## [Saved data entries]

╔══

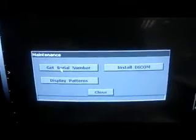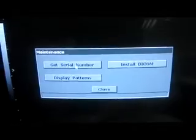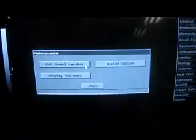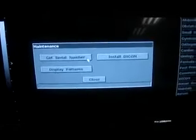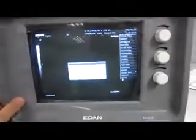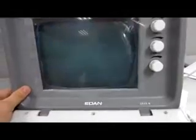Click Install DICOM here, put the activation code, and DICOM will be activated. After it is activated, we reboot the machine. On this machine I have already activated the DICOM.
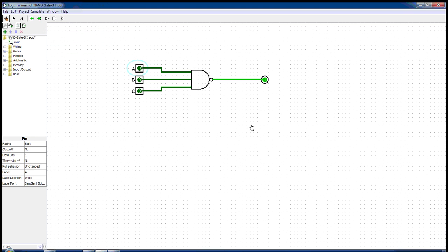This is the circuit diagram of a three input NAND gate. A NAND gate, or negative AND gate, is a logic gate which produces a low output only if all the inputs are high.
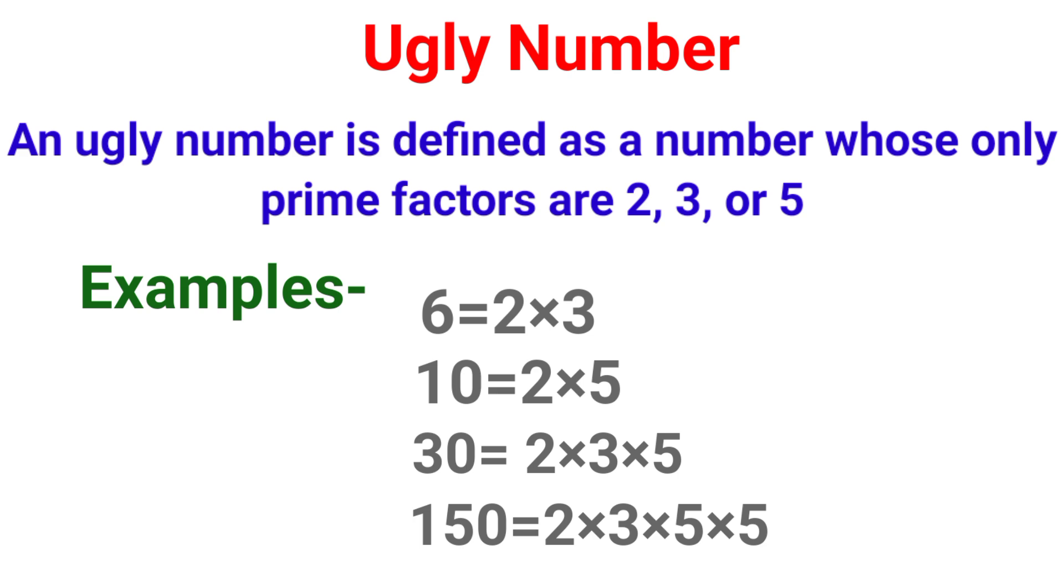First of all we will discuss what is an ugly number. It is a number which is defined as numbers whose only prime factors are 2, 3 and 5. It's a number whose prime factors are none other than 2, 3 or 5.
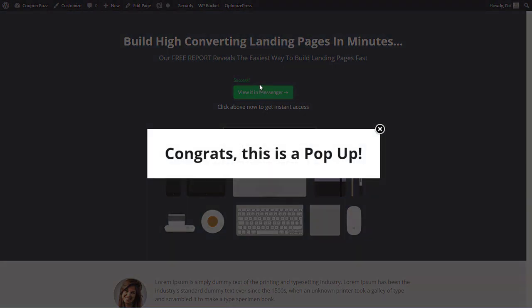look at that, it pops it up and it also sends the message from the bot and it also tracks that as a lead in the Facebook pixel. So there you go. That's how you create a modal pop-up with ManyChat and OptimizePress. That's all we got for today.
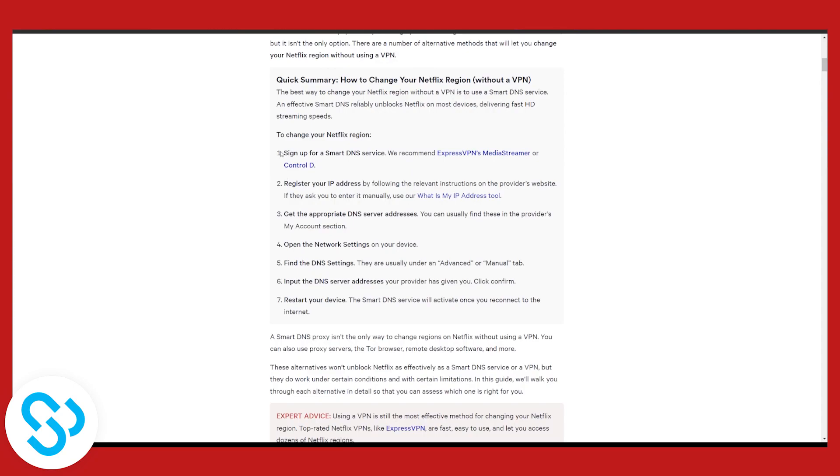Here are a couple of steps and I will link this article down below in the description so you can follow along. You will need to use ExpressVPN's media streamer to change Netflix region without VPN.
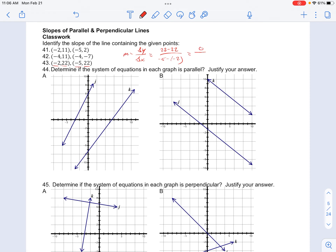So the top gives us 0 over some number. We don't even need to worry about that because we know 0 divided by any number will just still be 0. So our slope is 0 here.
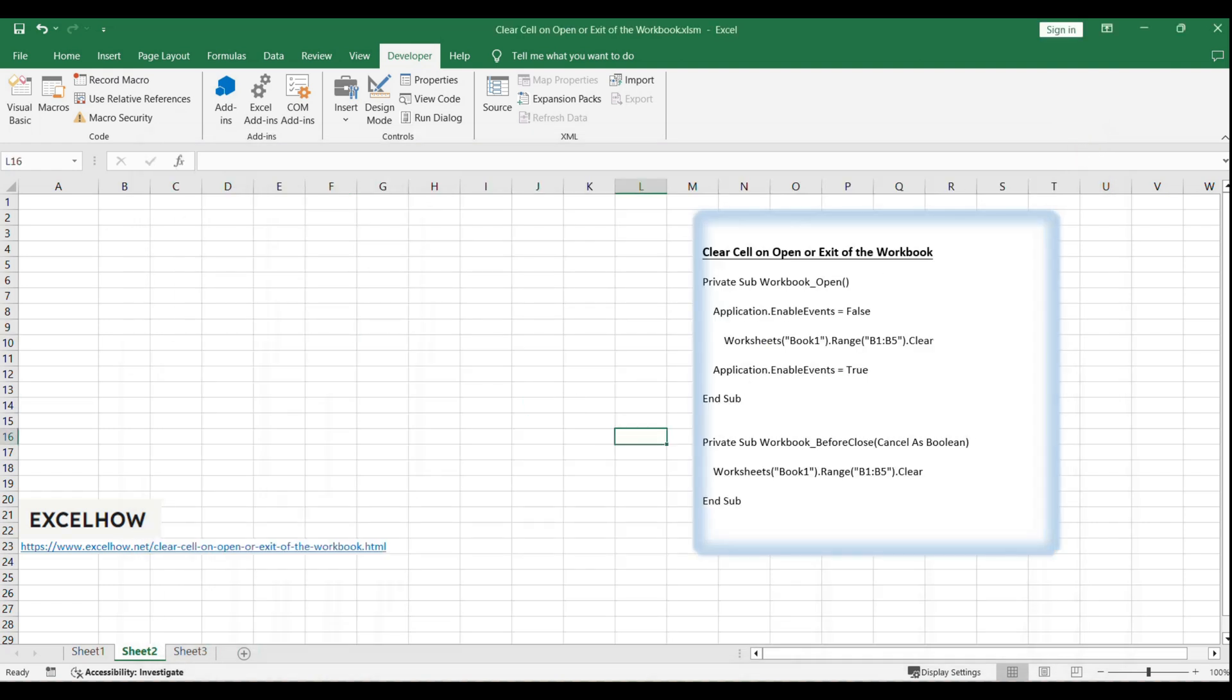Congratulations! You've successfully learned how to automatically clear cell contents when opening or closing an Excel workbook using VBA. This can be a powerful tool for data management and security.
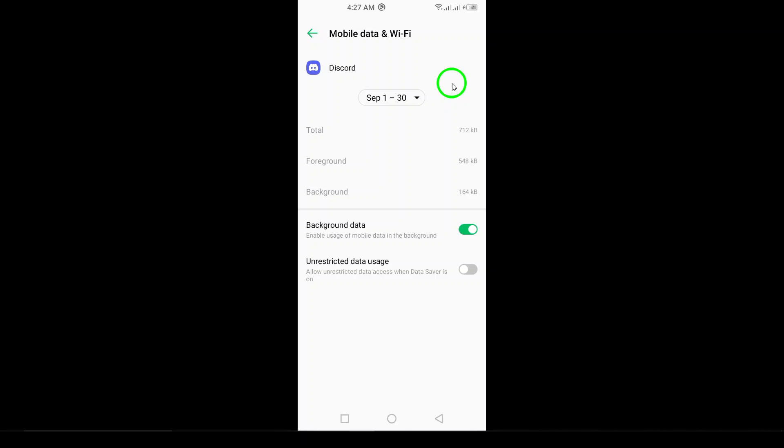And that's it. You're all set to enjoy a seamless Discord experience with background data usage enabled.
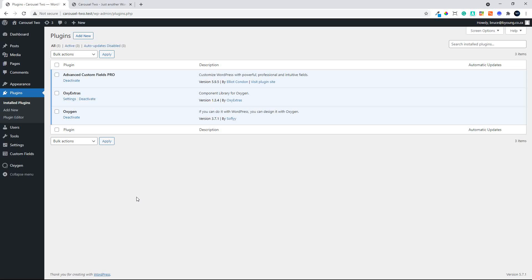In this video we're going to look at how we can use two carousels from Oxy Extras — one for navigation, the other for content. We're also going to use Advanced Custom Fields Pro for the content in that repeater that will appear on the Posts page.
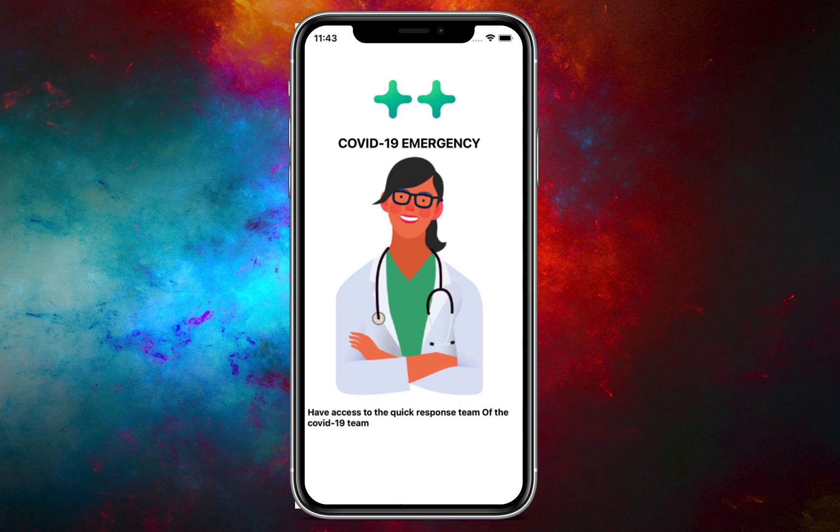Hello everyone, welcome back to another tutorial video with Coding with T. In this video we are going to create our swiper or onboarding screen for our COVID app. Let's jump into the development section.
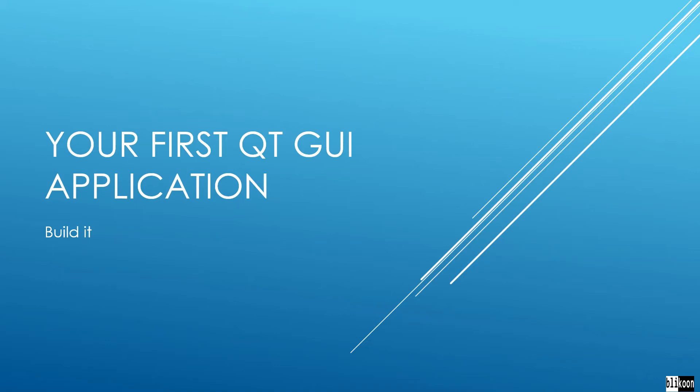In this lecture, we are creating our first Qt GUI application, and we're going to try and see the anatomy of the app, what kind of files are being created, and what is the purpose for each kind of file that we're going to see. So let's head to Qt Creator and do this.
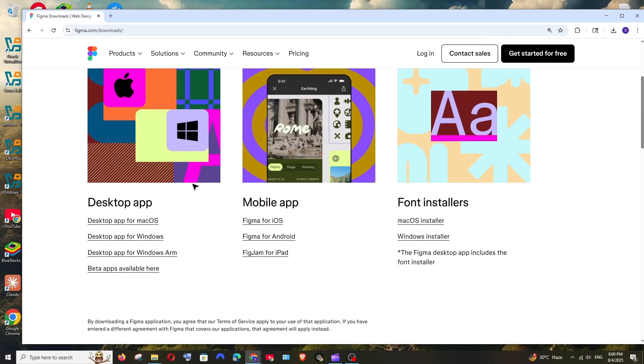we are having Figma in mobile app for iOS, Android, iPad and as well as desktop app for Windows, Mac and Windows ARM.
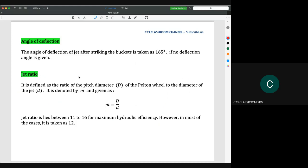The angle of deflection of the jet after striking the bucket is taken as 155 to 165 degrees if no deflection angle is given. In our syllabus, we fix the angle at 165 degrees.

╚══

## [Task to carry out]
Would you restate, exactly and with no pictures, the lines of the entries above from the one containing "First of all" through the one containing "look at that, it"?

## [Result for this task]
First of all we will discuss what is an ugly number. It is a number which is defined as numbers whose only prime factors are 2, 3 and 5. It's a number whose prime factors are none other than 2, 3 or 5.
look at that, it pops it up and it also sends the message from the bot and it also tracks that as a lead in the Facebook pixel. So there you go. That's how you create a modal pop-up with ManyChat and OptimizePress. That's all we got for today.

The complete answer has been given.